The honest answer is: not as much as we tell ourselves. Indeed, maybe in its current form, the peer-reviewed article has simply outlived its primary function as a mechanism for certifying and communicating novel scientific advances.

This obviously doesn’t mean peer review is worthless: to a considerable degree, it’s central to the way we structure communities around knowledge, practices, puzzles, and instruments. Yet this fact should not stop us from rethinking the architecture of the system rather than continuing to patch a structure designed for a different era of science.

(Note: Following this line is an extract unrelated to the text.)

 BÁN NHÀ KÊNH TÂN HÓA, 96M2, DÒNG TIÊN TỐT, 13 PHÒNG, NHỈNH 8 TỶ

What might that look like?

One is through a revaluation and valorization of editorial labor. Journals, whether for-profit or not, need to either compensate reviewers or dramatically reduce the volume they process. Engzell and Wilmers suggest that as AI-generated papers become more technically polished and better organized, the editorial burden may actually shift from assessing whether something has the superficial look of publishable work, to engaging directly with its substance. That’s a reasonable hope. But it requires editorial infrastructure, and editorial time, that most journals don’t and can’t currently invest in because it eats into Elsevier/Springer et al’s profits. This can also imply a more involved shift from volume processing to curation where editors acquire a much more central role, operating perhaps with fewer rounds of review and taking direct command over their journals and their contents.

A second is a more serious and systematic use of open repositories not as pre-publication venues but as primary publication destinations for findings that are real and reproducible but, let us be honest, not necessarily paradigm-shifting. Although this might terrify some, in some fields it is already common practice for advances to be discussed years before their formal peer reviewed publication as pre-prints that make the rounds and spark conversation. Not everything that gets communicated needs to have passed through the same process of multiple rounds of review that is thought to genuinely move a field. Indeed, this infrastructure for tiered communication of scientific results is already here, but what’s lacking are the incentive structures to support it.

A third and most structurally consequential is a change in how academic institutions evaluate researchers. Hiring, promotion, and review processes that count papers rather than assessing demonstrable intellectual contributions to a field are part of how we got here. This also goes for funders that emphasize numbers over quality. The paper factory makes this particularly urgent. If the execution of a competent empirical study can be automated, then the execution of competent empirical studies is not, and probably never was, the thing we should have been rewarding (not the least because productivity is a proxy of resources access, and there’s a guy called Matthew that has an effect named after him that might also have a thought or two about what this says about quality versus rewards).

The AI paper factory is not going to wait for institutional reform. What is probably going to happen, in the near term, is that the existing system will become increasingly strained, contested, inefficient. Status signals (which are also of the best signals of quality and innovation) may further strengthen their role in our evaluation. And the science that will be out there will be noisier, ore uncertain, and concerningly less legitimate in the public’s eyes. Sometimes institutions have to fail visibly before change becomes possible and failure is what we might see very soon. The peer-reviewed article has had a good run. Whether what replaces it is better depends almost entirely on how we confront this moment of disruption to actually think about what scientific communication is for. Just something more to work on during this polycrisis.